Zurück und auf Mark Irsee zu: Beschneidungen und Glaubenskriege ODER Des Abendlands Dilemma. Das Zwischen- und doch Argo-Journal des Dienstags, dem 31. Juli 2012.

8.03 Uhr:
[Arbeitswohnung.]
Spät, ziemlich spät nachts >>>> kam ich hier an, viel zu spät für >>>> die Bar, aber ich war auch zu aufgekratzt, um gleich schlafen zu können. Schaute noch im Netz einen alten Tatort, über den ich aber einnickte. Hatte gleich bei Ankunft, als ich am Gepäckband auf den Rucksack wartete, weil ich das Ifönchen doch wieder zurückbekommen hatte, nach Post; aber da war nichts, gar nichts von irgend einer Bedeutung.
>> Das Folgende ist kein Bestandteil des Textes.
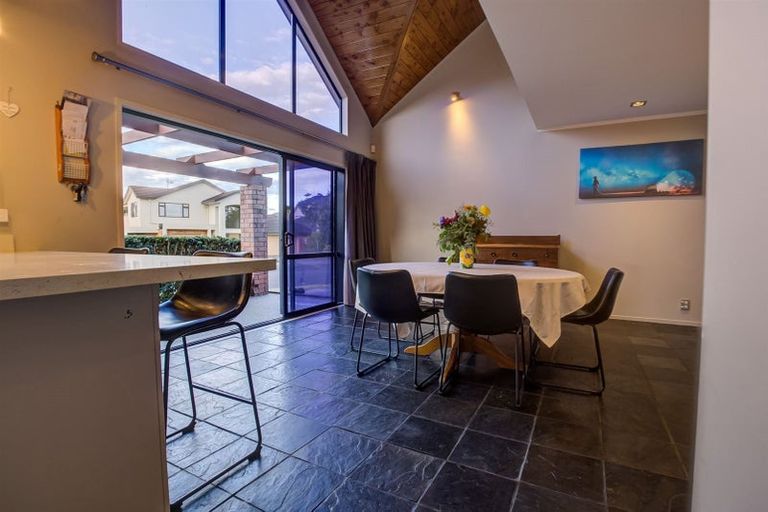 Photo of property in 6 Arcus Street, St Andrews, Hamilton, 3200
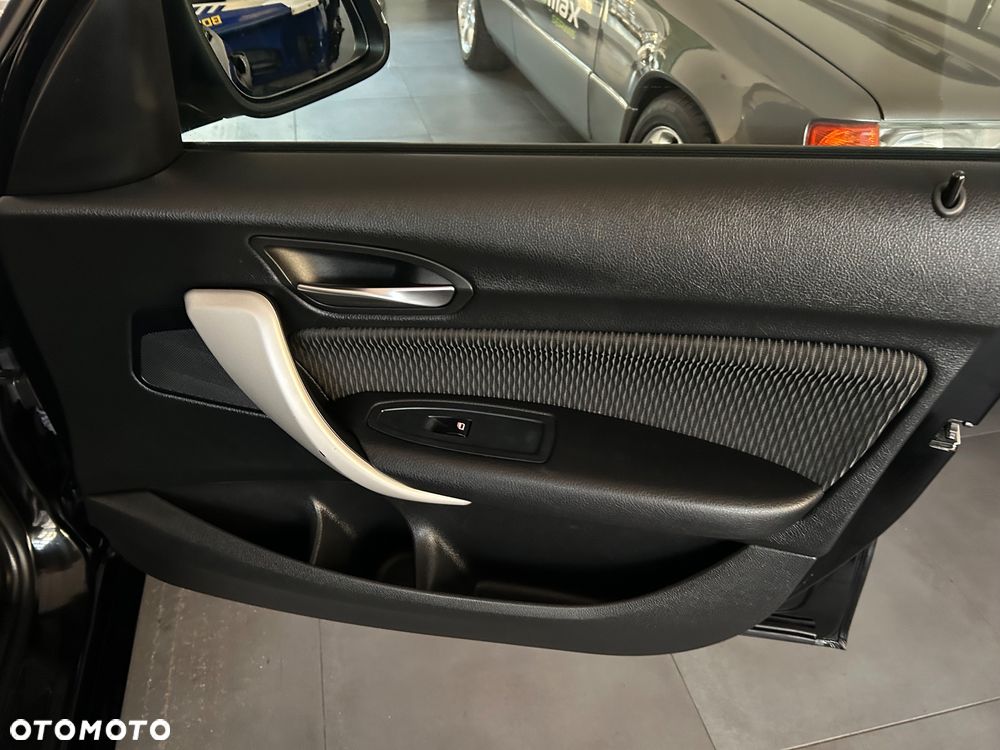 BMW Seria 1 118d Sport Line - 24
Jetzt erst einmal an Argo. Meinen alten Frühaufsteher-Rhythmus werde ich eh erst wiedererlangen, wenn >>>> Irsee vorüber, für das noch ein Weblog vorzubereiten ist, weil Texte von Teilnehmern, ähnlich wie seinerzeit >>>> im virtuellen Seminar, im Netz publiziert und dort auch diskutiert werden können sollen. (Das Heidelberger Seminar ist unterdessen verwaist; vielleicht sollte ich es vom Netz nehmen).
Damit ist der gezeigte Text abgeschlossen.